Politicians frequently complain about judges being too political. Some would say that this is a case where that has worked in the Government’s favour. I have heard some irrational arguments put forward by the Ministry of Defence and the military elite – including the assertion that human rights protections will actually make soldiers less safe! Lord Rodger implies that it would be insulting to our soldiers to provide them with human rights protections.  A further, much repeated assertion by the military elite, is that law has no place on the battle field, even though law is already well established on the battlefield, for instance, our soldiers are well versed in the Rules of Engagement and restrictions on the use of lethal force.

The judiciary is divided in terms of this case. Up until the Supreme Court the judgments were unanimously in favour of Catherine Smith. Overall seven judges have found that soldiers are within UK jurisdiction wherever they serve: Collins J., Keene LJ, Lord Clarke and Lord Dyson (now both Supreme Court justices), Lord Mance, Baroness Hale and Lord Kerr all held that soldiers were protected by the Human Rights Act at all times. The six Justices in the Supreme Court who held the contrary were overall in a minority. It is disappointing that those Justices who found that soldiers off base are outside the jurisdiction of the UK relied on an erroneous interpretation of the law by Lord Collins who confused justiciability and jurisdiction, the former being about whether something can be litigated and the latter being about whose law and control one falls under.

To find that soldiers remain within the jurisdiction of the UK when sent abroad to serve would have accorded with five explicit statements to that effect by Strasbourg. It would have accorded with a Council of Ministers recommendation implementing the Convention to which the UK signed up just a few days prior to the hearing. It is well established that rights are modified in the military context and moreover, that States can derogate from the Convention in times of ‘war’. For the last two years soldiers have been entitled to human rights protection following the judgments of the High Court and Court of Appeal. There is no evidence to suggest that it has in any way hampered military operations and to have upheld that position would not have resulted in any change.   To reverse the position and hold that soldiers do not have rights at all off-base is a major and significant change; one that is likely to cause distress to our servicemen and women.  Moreover, it sets a dangerous precedent for certain countries in the Council of Europe that treat their soldiers very badly indeed. 

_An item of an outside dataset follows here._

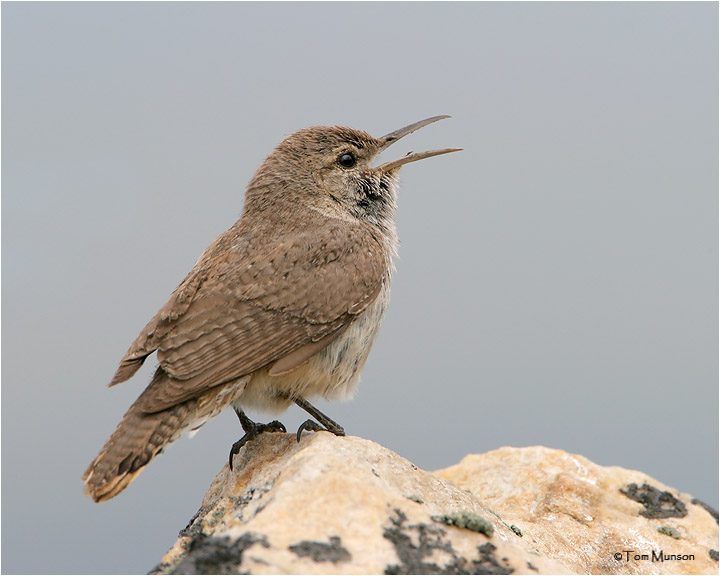 Rock Wren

I fear that our brave servicemen and women will continue to be treated as second class citizens until this injustice is rectified by Strasbourg.  We may make a fuss about how much we admire our armed forces, provide a Military Covenant which has no basis in law (and then breach it) even create an Armed Forces Day when we can pat them on the back and tell them how much we admire them, but until we are willing to give our good intentions some legal basis our soldiers will continue to die from inadequate equipment and in other circumstances which are entirely avoidable.”